HCI was an organization that contracted with the Illinois Department of Aging to coordinate services to low-income seniors to keep them home and out of nursing homes. HCI would sometimes refer clients who needed in-home services to two companies owned by MPI. Plaintiff brought its claims under the state and federal FCAs. Neither the United States nor Illinois intervened in this qui tam action, so Plaintiff prosecuted this matter.
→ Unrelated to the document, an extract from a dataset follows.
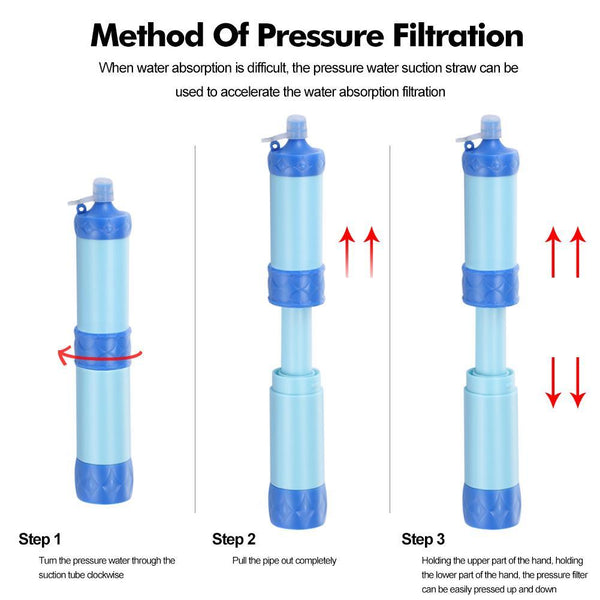 Portable Water Filter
The material facts include:

The operative complaint alleged that MPI and HCI had a contract and that MPI paid HCI gift cards in substantial amounts in return for the ability to access the detailed information that HCI employees gathered about clients during in-home assessments. Using that information, MPI called Medicare-eligible seniors and offered them the services of its two home healthcare companies. MPI’s payments to HCI, the complaint alleged, ran afoul of the [AKS].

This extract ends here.